To the best of our knowledge, only one protocol describing the isolation of porcine myofibers exists (Wilschut et al. 2010b). The group put a clear focus on isolating satellite cells and side populations from the semitendinosus (ST) and semimembranosus (SM) muscle. In contrast, we established the isolation of fibers from a muscle of the lower hind limb, as it is also common in rodent studies. We used the fibularis tertius muscle in our study, which has accessible tendons and can be handled without touching the muscle itself, thereby preventing preparation-related damage to the muscle fibers. The method described here offers the advantage to cultivate myogenic cells on intact isolated myofibers and thereby will broaden the possibilities to study muscle cells in their endogenous niche in the pig. In future studies, our method could be adapted to other muscles and the digestion procedure might be further optimized, e.g., by using a more complex combination of enzymes in order to shorten the time needed. Co-cultivation approaches of fibers and cells, also including cell tracking via labeling dyes, are possible.

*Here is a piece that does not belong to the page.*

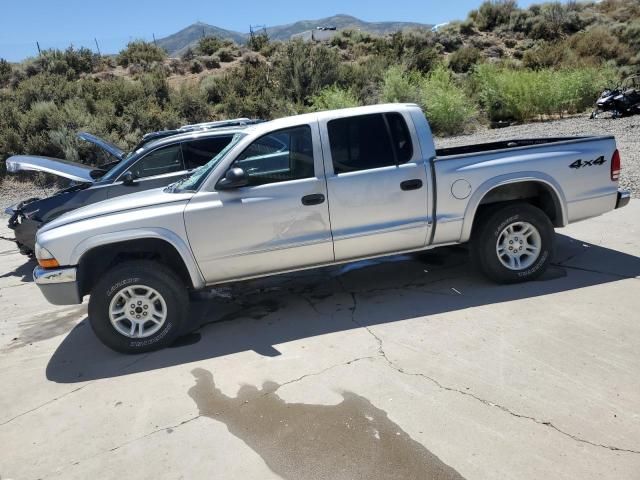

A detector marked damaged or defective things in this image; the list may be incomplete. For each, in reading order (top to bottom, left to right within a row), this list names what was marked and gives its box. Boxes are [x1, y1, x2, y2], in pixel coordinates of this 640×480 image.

pavement crack [0, 384, 88, 426]
pavement crack [380, 360, 640, 458]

Cultivating intact myofibers ex vivo could be a bridging technology between conventional cell culture and animal experiments. Potential applications go far beyond of what is possible in rodent model systems, especially considering two major aspects: (1) improvements on muscle development and health of the pig, a worldwide important farm animal, and (2) the transferability of the results to research topics relevant for human health. Porcine-isolated myofibers provide an excellent opportunity to analyze complex signaling cascades during myogenesis and possible alterations in disease or growth retardation conditions, which cannot be addressed by conventional cell culture studies. Impaired muscle development in pigs, e.g., due to intrauterine growth retardation and/or low birth weight (Gondret et al. 2005; Rozance et al. 2018), can be better examined using this method. This might also provide a suitable model to study mechanisms and treatments for human musculoskeletal disorders, like myopathies, cachexia, or dystrophies, which approximately caused 150,000 deaths only in 2010 (Berardi et al. 2014). Although the method has to be further optimized, one can think of a plethora of further applications in the future, which demand for a model system originating from a large mammal: investigating (pharmacological) substances, animal feed additives, and medium supplements, toxicity tests, developing new therapeutic perspectives, assessing genetic manipulations and their implications, or studying the regenerative capacity of the muscle.